The heart of ReadySet is a query engine based on partially-stateful, streaming dataflow.

What's that? Let's break it down. First, we'll take a look at the basics of stateful, streaming dataflow, then in a later section we'll consider how to improve memory overhead using partial state.

Streaming dataflow

The basic premise of streaming dataflow (opens in a new tab) is that a series of operations is applied to each element of a stream (a given sequence of data).

Stream

The stream that ReadySet deals with is the sequence of data changes made to your underlying database due to writes. ReadySet receives this stream as input by registering itself as a read replica of your primary database (opens in a new tab). The data change stream primarily consists of inserts of new records to the base tables and updates of existing records in the base tables.

Operations

ReadySet applies SQL operations over this data change stream to compute the results of the SQL queries you want to cache. When ReadySet receives a new SQL query, it first creates a query plan, which consists of the ordered sequence of transformations over the data in the base tables that needs to be applied to compute the correct query result.

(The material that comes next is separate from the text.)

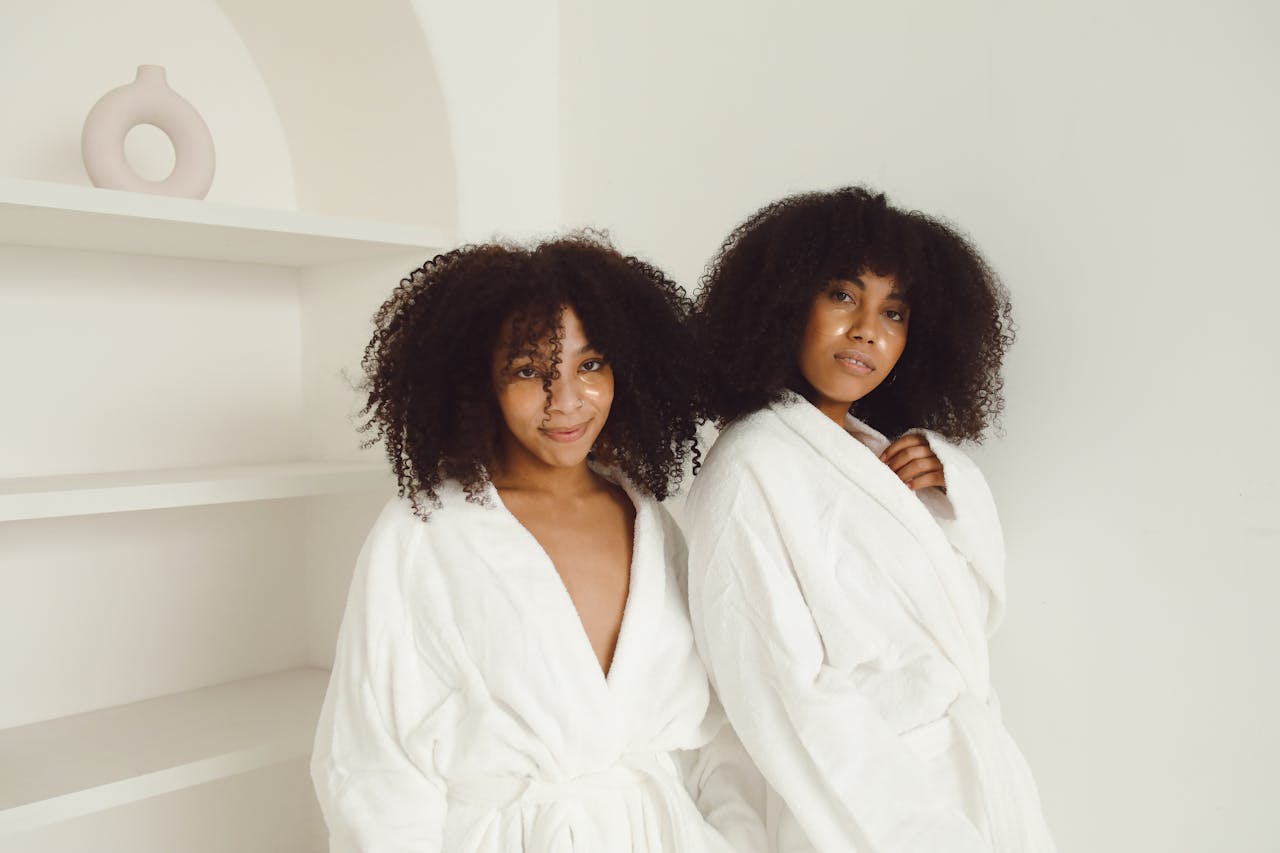 Two women with afro hair wearing white bathrobes posing indoors.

ReadySet then instantiates a long-lived dataflow graph that actually executes the operations in the query plan over the incoming data stream.

The entry points of ReadySet's dataflow graph are referred to as base table nodes, which represent the application base tables and funnel in incoming data changes to the rest of the graph.

Below the base table nodes are the internal nodes that compute SQL operators (e.g., joins, aggregates, projections, and filters) over the incoming stream of data changes. These nodes are stateful in that they track the results of these operations, keeping them up to date in real-time. Whenever the results of the operation change due to the incoming data changes, these internal nodes emit the updated results and propagate them downstream in the graph.

Since these internal nodes are connected together based on a query plan, the leaf nodes of the graph (referred to as reader nodes) cache the final query results, and all non-leaf nodes effectively cache intermediate state.

High Level

Putting it all together

As writes are applied to your database, the resulting data changes are immediately replicated to ReadySet. ReadySet incrementally updates its cached query results to reflect these changes, thus replacing any hand-written cache eviction logic. When using ReadySet, you just write traditional SQL queries, and ReadySet will keep the results up-to-date for you.